## Try it
Output every record exactly, apart from its images.

----

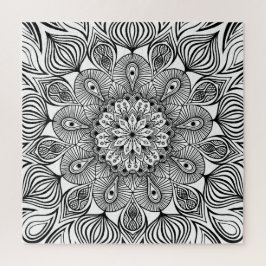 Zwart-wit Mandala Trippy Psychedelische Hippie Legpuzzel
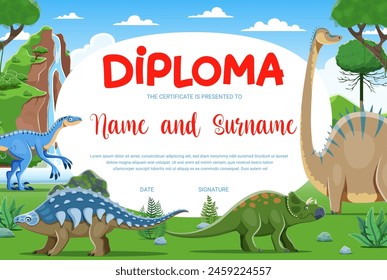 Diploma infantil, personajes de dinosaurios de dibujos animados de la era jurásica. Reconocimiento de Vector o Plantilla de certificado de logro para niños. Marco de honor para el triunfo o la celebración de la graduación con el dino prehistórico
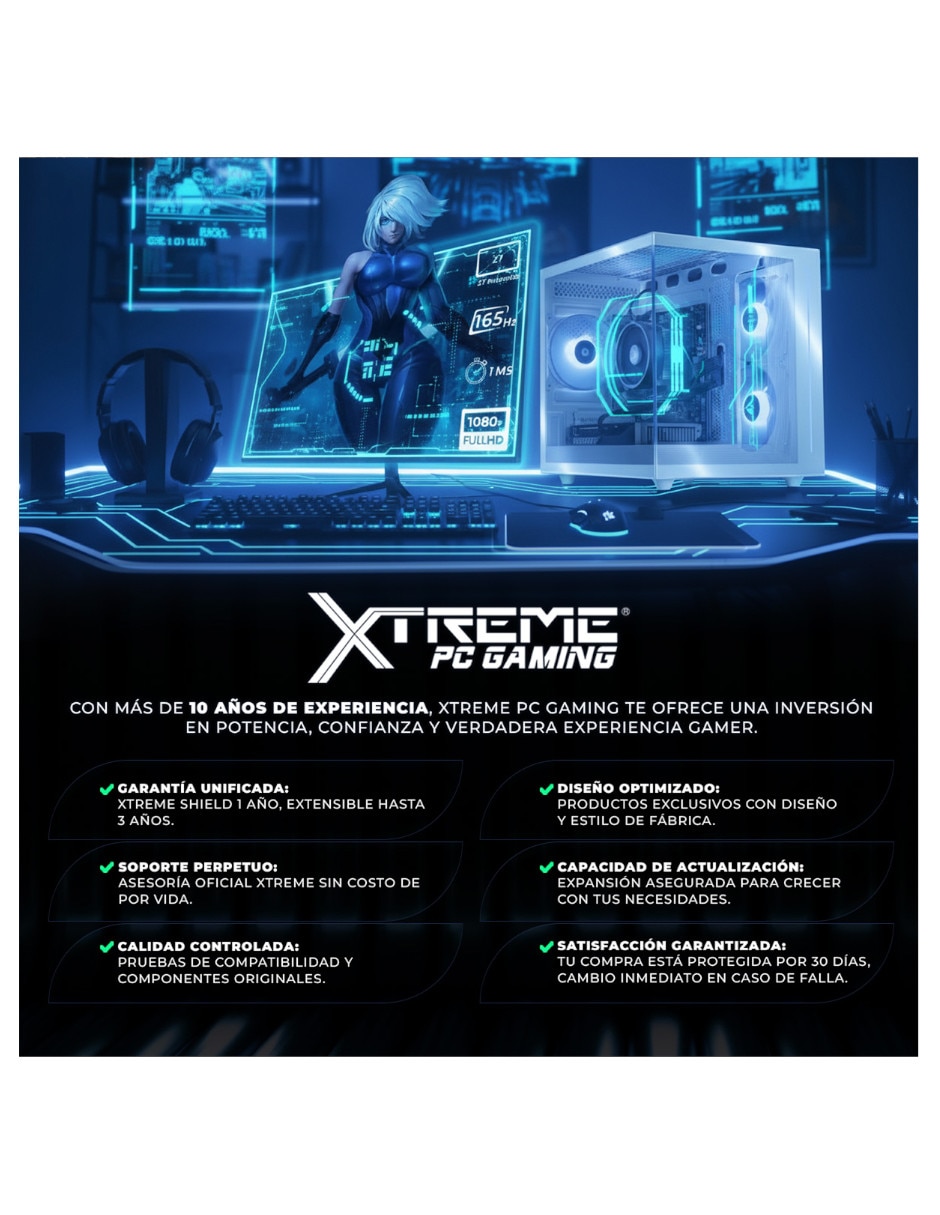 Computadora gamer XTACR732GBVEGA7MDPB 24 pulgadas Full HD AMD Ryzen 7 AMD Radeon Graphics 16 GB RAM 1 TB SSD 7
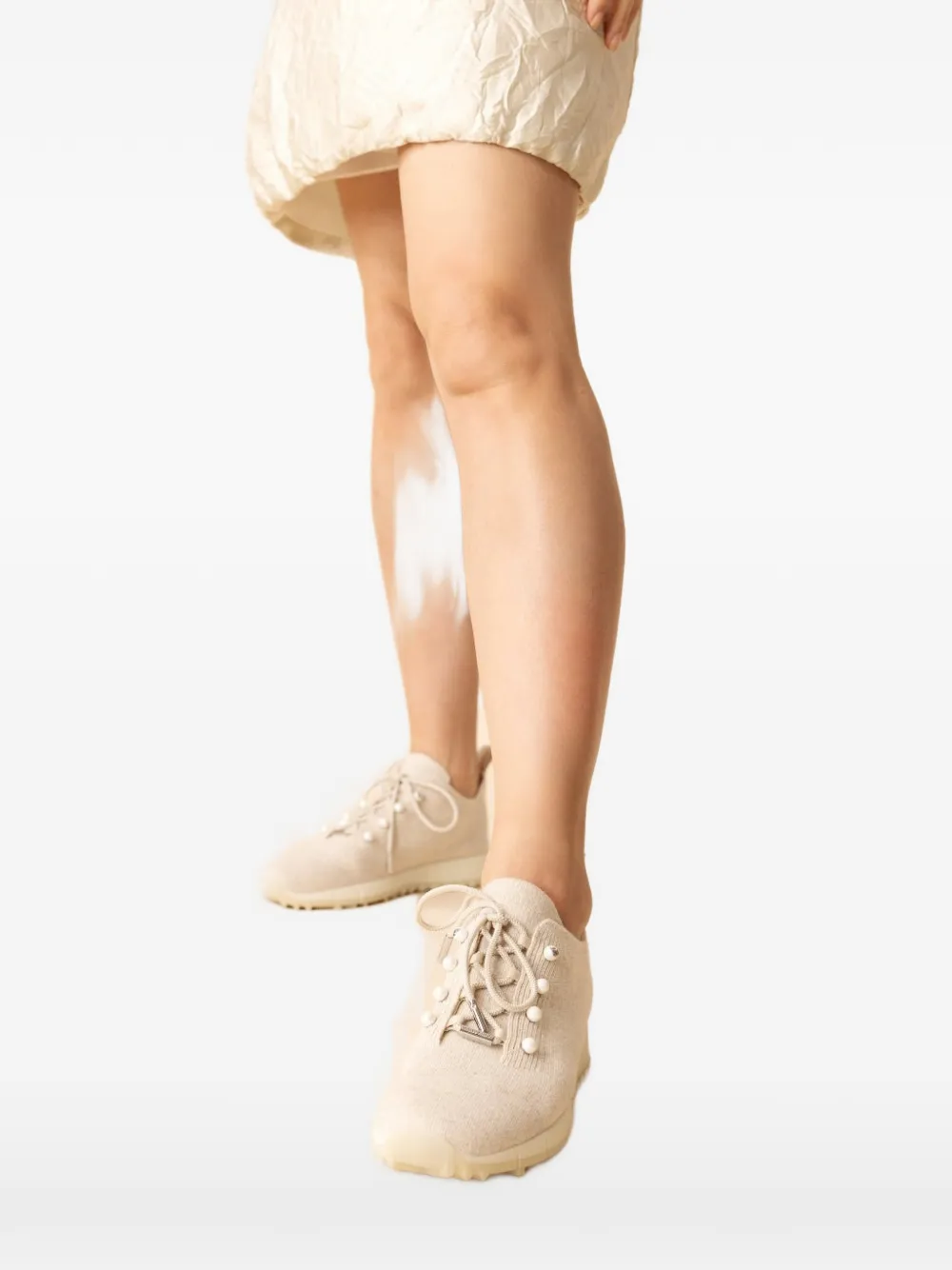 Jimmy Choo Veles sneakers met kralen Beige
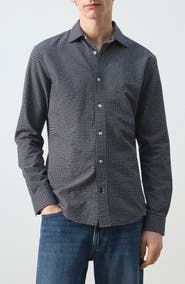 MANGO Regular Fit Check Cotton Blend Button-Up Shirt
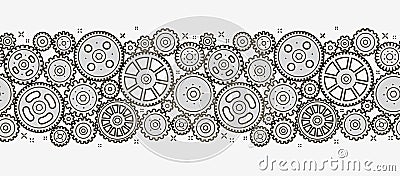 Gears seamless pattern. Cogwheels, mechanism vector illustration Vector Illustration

----

## Solution to this task
 Zwart-wit Mandala Trippy Psychedelische Hippie Legpuzzel
 Diploma infantil, personajes de dinosaurios de dibujos animados de la era jurásica. Reconocimiento de Vector o Plantilla de certificado de logro para niños. Marco de honor para el triunfo o la celebración de la graduación con el dino prehistórico
 Computadora gamer XTACR732GBVEGA7MDPB 24 pulgadas Full HD AMD Ryzen 7 AMD Radeon Graphics 16 GB RAM 1 TB SSD 7
 Jimmy Choo Veles sneakers met kralen Beige
 MANGO Regular Fit Check Cotton Blend Button-Up Shirt
 Gears seamless pattern. Cogwheels, mechanism vector illustration Vector Illustration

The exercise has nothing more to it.